Assignment ▸ Below are some records. Output the lines from the first one through the line that holds "Pendientes largos de", exactly as written, with no pictures.

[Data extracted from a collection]
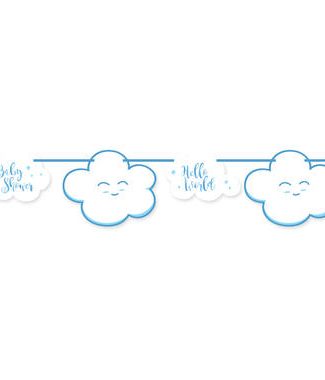 Slinger Babyshower Blauw - 4mtr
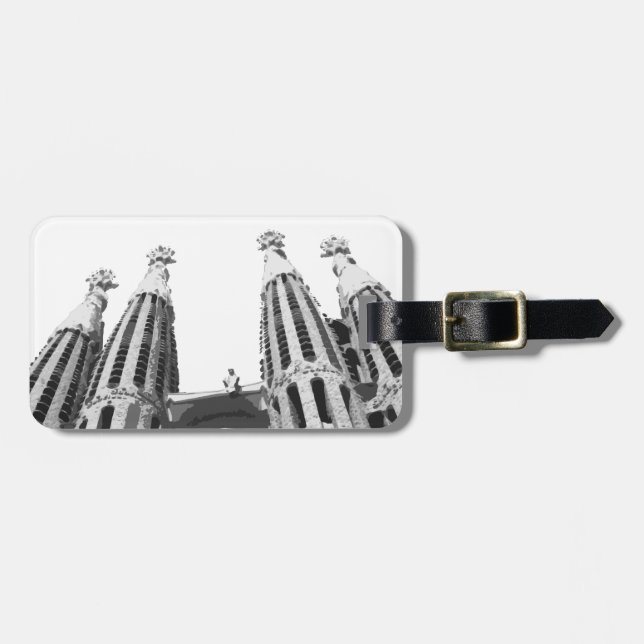 La Sagrada Familia Luggage Tag (Front Horizontal)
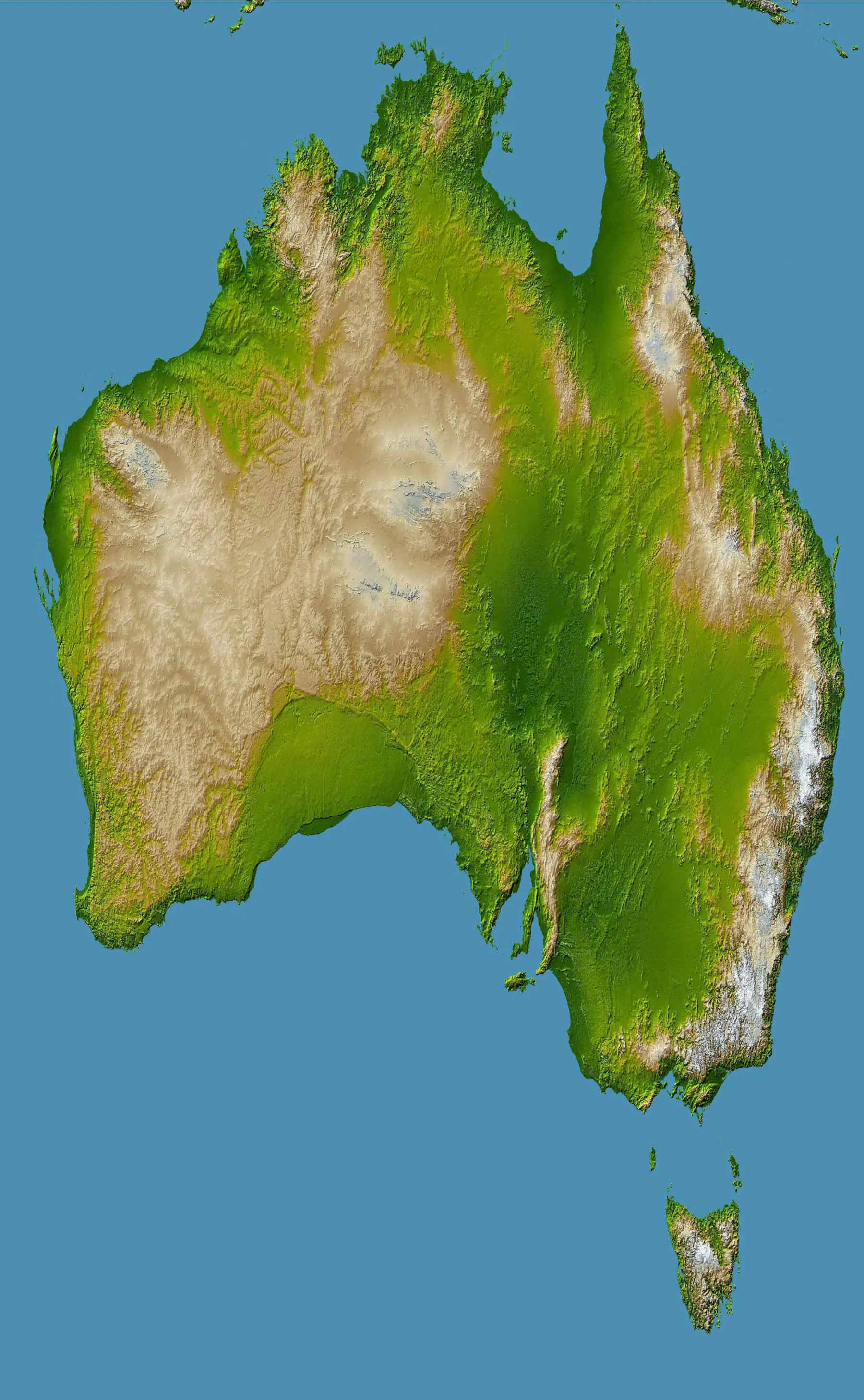 Topographic Map Of Australia Australia - Gambaran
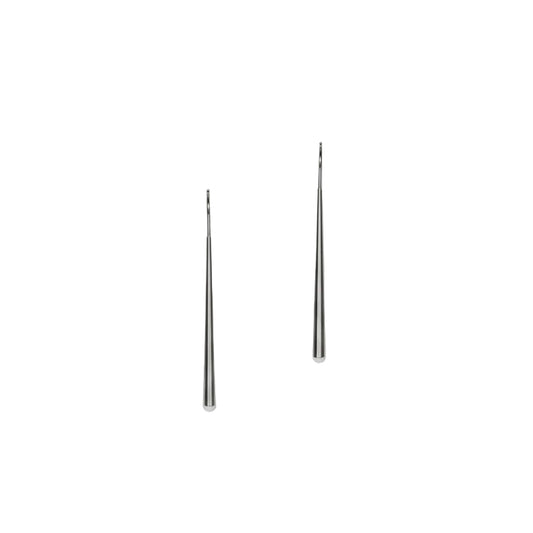 Pendientes largos de acero con palo vertical y de gancho - Moments by You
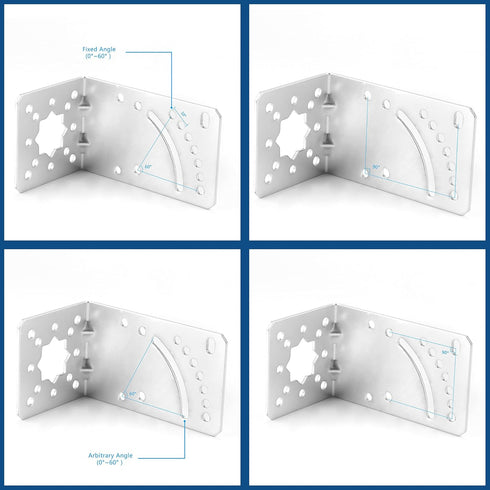 Pole Mount Bracket L - Mounting Bracket to Wall Hardware for LPDA yagi Outdoor Antenna with U-Bolt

Result below ▸
 Slinger Babyshower Blauw - 4mtr
 La Sagrada Familia Luggage Tag (Front Horizontal)
 Topographic Map Of Australia Australia - Gambaran
 Pendientes largos de acero con palo vertical y de gancho - Moments by You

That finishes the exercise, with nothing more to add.